It seems that many artists successfully overcome these writer’s block experiences by separating from themselves. Some have conceived of it as being visited by a muse. Or receiving inspiration from a source outside of themselves. Or simply accepting the ideas that are “out there” and looking for an artist-portal through which they can enter reality. In the “Help!” podcast, Eat, Pray, Love author Elizabeth Gilbert tells of an interview she did with singer-songwriter Tom Waits when she was a writer for GQ magazine. Here’s a clip in which she recounts Waits’ philosophy that each song is its own entity and must be dealt with as such:

Unlike Waits and Gilbert, other creative artists look inward. They believe the ideas come from within, and that their job is to allow that part of themselves to speak. In her book The Right to Write, Julia Cameron describes her solution to writer’s block as thinking of writing as taking dictation, not giving it. “Once writing becomes an act of listening instead of an act of speech, a great deal of the ego goes out of it,” she says. “We retire as the self-conscious author and become something else–the vehicle for self-expression. When we are just the vehicle…we often write very well–we certainly write more easily.” This sentiment is echoed by author Oliver Sacks, who wrote among other books the wonderful and provocative Musicophilia. At one point in the “Help!” Radiolab podcast, he describes one of those break-through moments:

Whether conceived of as coming from within or without, interfacing with that expressive source is a key to creativity. It requires us to suspend our own critical voice. In his series of Inner Game books, author Timothy Gallwey describes all performers as having both a Self 1 that’s controlling and judgmental, and a Self 2 that’s free and naturally expressive. (Gallwey’s ideas are anecdotal to be sure, but I’ve found many to line up well with what the research says about managing performance anxiety.) Sometimes that critical voice is plainly negative and floods our minds with self-doubt and defeatist thinking. Other times we more subtly sabotage ourselves with the mindset of perfectionism. We may even believe that perfectionism is an asset that ultimately ensures our work will be of the highest quality. But more frequently a perfectionist mentality prevents artists from having the freedom to be creative at all. One of my very favorite writers is Anne Lamott. In her book Bird by Bird (which I love) she offers advice to struggling authors who cannot let their thoughts flow into a first draft because they’re too concerned that the initial wording doesn’t sound like a polished final product. “Perfectionism is the voice of the oppressor,” she says. She gives great encouragement toward quieting the inner critic to allow more free personal expression. She also calls perfectionism a “mean, frozen form of idealism” but says “messes are the artist’s true friend.”
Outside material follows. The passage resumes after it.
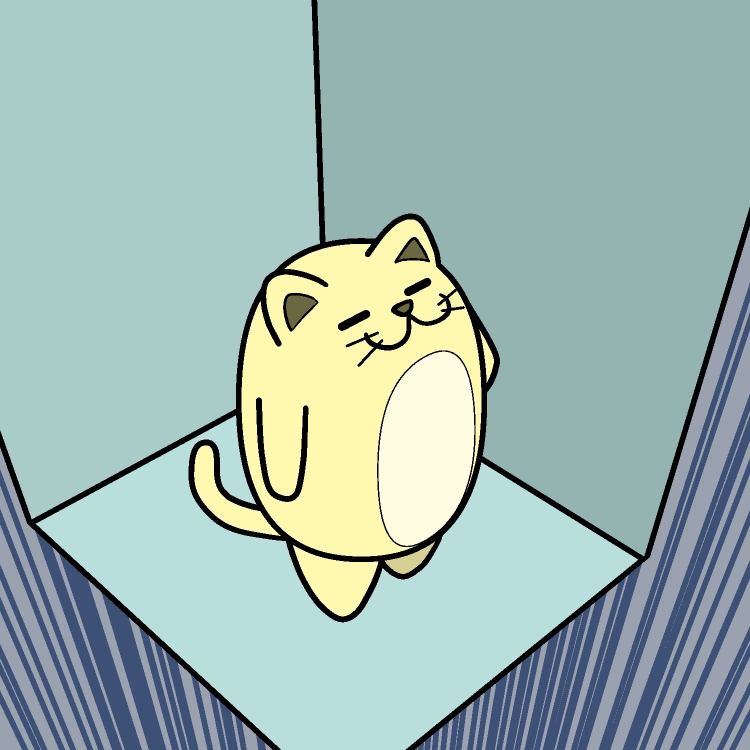 エレベーター内ネコGIFアニメ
The hard and messy work of creativity can be especially difficult for musicians whose training and performance activities have been dominated by the realization of other people’s music. They may need to learn a new kind of mental discipline in order to silence the self-critical voice. But even experienced composers–and writers and painters and chefs–struggle with the creative process. Many are constantly devising new strategies to disable that judgmental force within, and strengthening their resolve to battle against it (with this metaphor, I must acknowledge Steven Pressfield’s The War of Art…I’m a fan). It seems that most artists believe that creativity involves both inspiration and perspiration, though there’s less agreement about how much of each is required, and from where the inspiration comes. For her part, Elizabeth Gilbert offers: “I think the angels reward people who are at their desk at six o’clock in the morning working.”

Improvisation, Part 3: Reclaiming Our Nature

Improvisation—and creativity more generally—may be of special interest to those who have struggled with it. Ask great improvisational performers how they do it, and they’ll likely struggle to answer your question. They may not consider improvisation anything special. It’s just what they do. It comes naturally. But for those of us who are not fluent improvisers, it really does seem like a special gift…and one we didn’t receive.

PianistBut improvisation is a musical skill that is acquired like any other. Virtually all human beings are born with the capacity to be musical, and that includes through improvisation. Of course, that capacity will only become functional musicianship with the right exposure, opportunities, and experiences. With these things in place, young children develop musicality just like they develop language skills. As infants and toddlers, they hear people around them speak, and soon they imitate what they hear. If they hear people singing and making melodies, they reproduce that with their voices. Youngsters quickly build a huge vocabulary of words to express themselves. They similarly learn to match musical sounds to human feelings and gestures. Before reaching school age, children demonstrate relative mastery over their native language. They can recite memorized texts (e.g., “patty-cake patty-cake…”), narrate familiar stories with their own personalized spin, and spontaneously tell new stories straight from their imaginations. These abilities have direct musical analogies as well. Children can sing songs they’ve learned from people and recordings, make up personalized versions of familiar tunes, and create completely new songs right on the spot.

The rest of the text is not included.